Quote the whole listing word for word. Do not include the pictures.

Raw data:
-.-.-
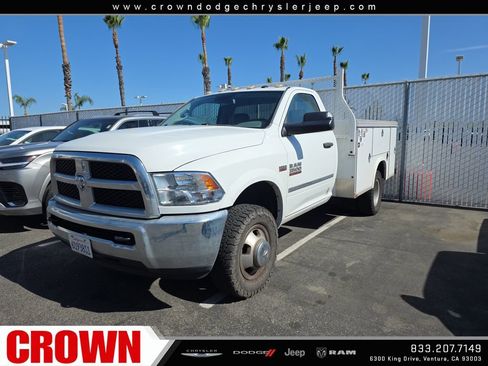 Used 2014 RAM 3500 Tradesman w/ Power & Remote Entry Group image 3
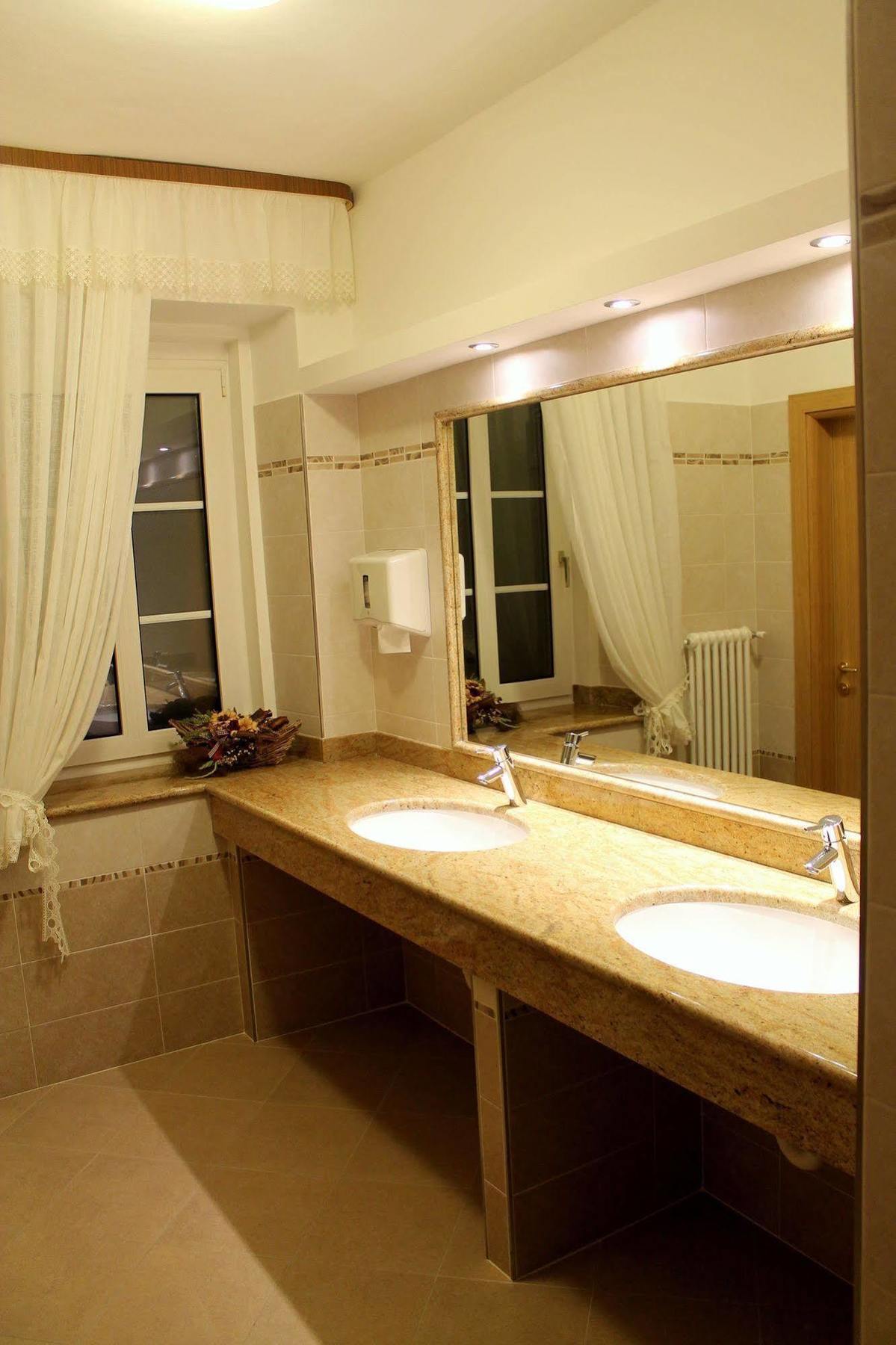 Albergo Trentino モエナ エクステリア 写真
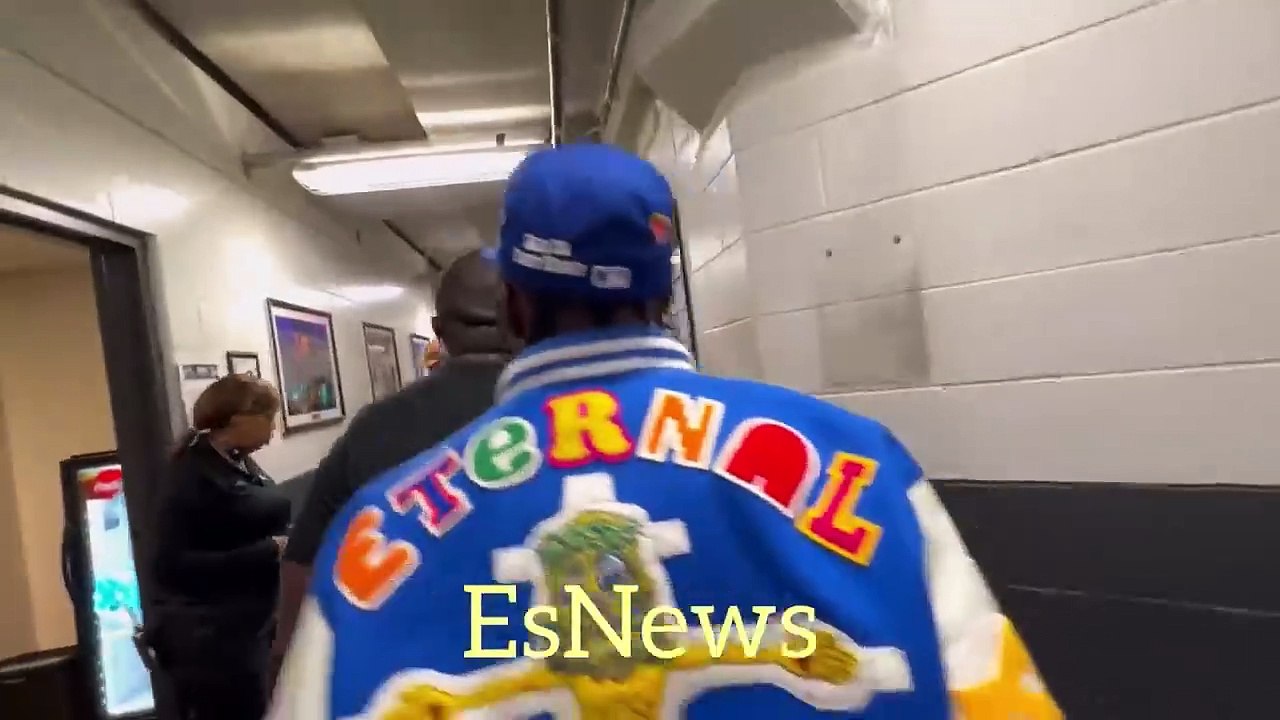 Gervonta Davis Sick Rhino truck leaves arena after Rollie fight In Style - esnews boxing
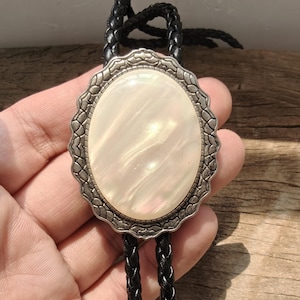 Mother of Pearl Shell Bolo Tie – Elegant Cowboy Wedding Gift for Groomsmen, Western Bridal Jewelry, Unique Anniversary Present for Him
-.-.-
Expected answer:
 Used 2014 RAM 3500 Tradesman w/ Power & Remote Entry Group image 3
 Albergo Trentino モエナ エクステリア 写真
 Gervonta Davis Sick Rhino truck leaves arena after Rollie fight In Style - esnews boxing
 Mother of Pearl Shell Bolo Tie – Elegant Cowboy Wedding Gift for Groomsmen, Western Bridal Jewelry, Unique Anniversary Present for Him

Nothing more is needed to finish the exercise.